Vietnam's public debt increases nearly 15 times over past 15 years

By VnExpress   November 1, 2016 | 11:45 pm PT
Vietnam's public debt increases nearly 15 times over past 15 years
A worker works at an assembly plant at Pha Rung shipyard in Vietnam's port city of Hai Phong, east of Hanoi October 4, 2016. Photo by Reuters/Kham
Plunging oil prices have taken their toll on the government's coffers.

Vietnam’s public debt increased almost 15 times from 2001 to 2015 from $8.1 billion to $120 billion, said Finance Minister Dinh Tien Dung.

“Public debt in the past five years has climbed 18.4 percent on average and three times faster than economic growth,” said the minister on Tuesday at a parliament meeting.

Official statistics show that as of the end of 2015, Vietnam’s total debt was more than VND2,680 trillion or $119.9 billion, equal to 62.2 percent of gross domestic product and close to the limit of 65 percent set by parliament.

Vietnam's rising debt is due to declines in state revenue from crude oil and other raw material exports, said Dung.

Slumping crude oil prices have cut revenue from oil considerably.
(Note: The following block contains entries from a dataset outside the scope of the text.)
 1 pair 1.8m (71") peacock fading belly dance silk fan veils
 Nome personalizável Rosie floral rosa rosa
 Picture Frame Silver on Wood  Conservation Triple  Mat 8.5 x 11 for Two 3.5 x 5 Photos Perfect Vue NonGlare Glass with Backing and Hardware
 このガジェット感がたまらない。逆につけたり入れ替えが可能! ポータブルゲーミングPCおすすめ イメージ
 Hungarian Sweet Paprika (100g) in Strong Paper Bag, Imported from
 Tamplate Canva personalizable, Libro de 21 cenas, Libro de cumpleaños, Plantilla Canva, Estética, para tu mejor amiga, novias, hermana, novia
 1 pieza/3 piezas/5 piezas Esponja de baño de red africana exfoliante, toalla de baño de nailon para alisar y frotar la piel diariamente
Government statistics show that crude-related revenue, which made up 30 percent of the nation’s budget in 2005, fell to 20 percent in 2010 and accounted for about 10 percent in 2015.
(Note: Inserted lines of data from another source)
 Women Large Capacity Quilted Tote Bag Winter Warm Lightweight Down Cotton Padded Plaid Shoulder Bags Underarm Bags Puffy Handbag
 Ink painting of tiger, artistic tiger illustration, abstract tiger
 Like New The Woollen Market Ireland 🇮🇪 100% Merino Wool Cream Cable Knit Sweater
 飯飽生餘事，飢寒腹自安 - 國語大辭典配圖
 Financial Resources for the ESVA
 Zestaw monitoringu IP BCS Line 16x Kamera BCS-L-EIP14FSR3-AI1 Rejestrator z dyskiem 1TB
Revenue from oil in the first four months of this year fell sharply by 48.1 percent from the same period last year.

He also blamed the sluggish privatization of the state-owned sector for inherent inefficient use of public funds.

The minister said Vietnam’s public debt has piled up significantly in recent years, mainly in order to service its debt obligations.

Data show in 2015 the government spent VND125 trillion, equivalent to 3 percent of the annual GDP and up 18 percent from the previous year, to pay back debts and meet obligations.

Vietnam has taken several measures to reverse rising foreign debt such as shifting towards local markets to seek loans with longer terms.

Last year, in an attempt to mitigate the risks of debt repayments, Vietnamese lawmakers set new rules for the local debt market.

Under the new rule, the State Treasury, which holds weekly bond auctions at the Hanoi Stock Exchange, is offering more long-term bonds and cut the trading volume of short-term bonds so that the proportion of bonds with tenures of five years or more will increase to 46 percent of the total outstanding debt.

Statistics show from 2011 to 2013, the Vietnamese government mainly sold bonds with terms of less than three years. It has gradually extended the maturity from three years in 2014 to 4.4 years in 2015 and to five years in the first half of 2016. Bond yields fell from 12 percent in 2011 to around 6 percent in 2015.

And as a percentage of the total outstanding government debt, domestic debt rose from 39 percent in 2011 to 57 percent in 2015, said Vo Huu Hien, deputy head of the Department of Debt Management and External Finance.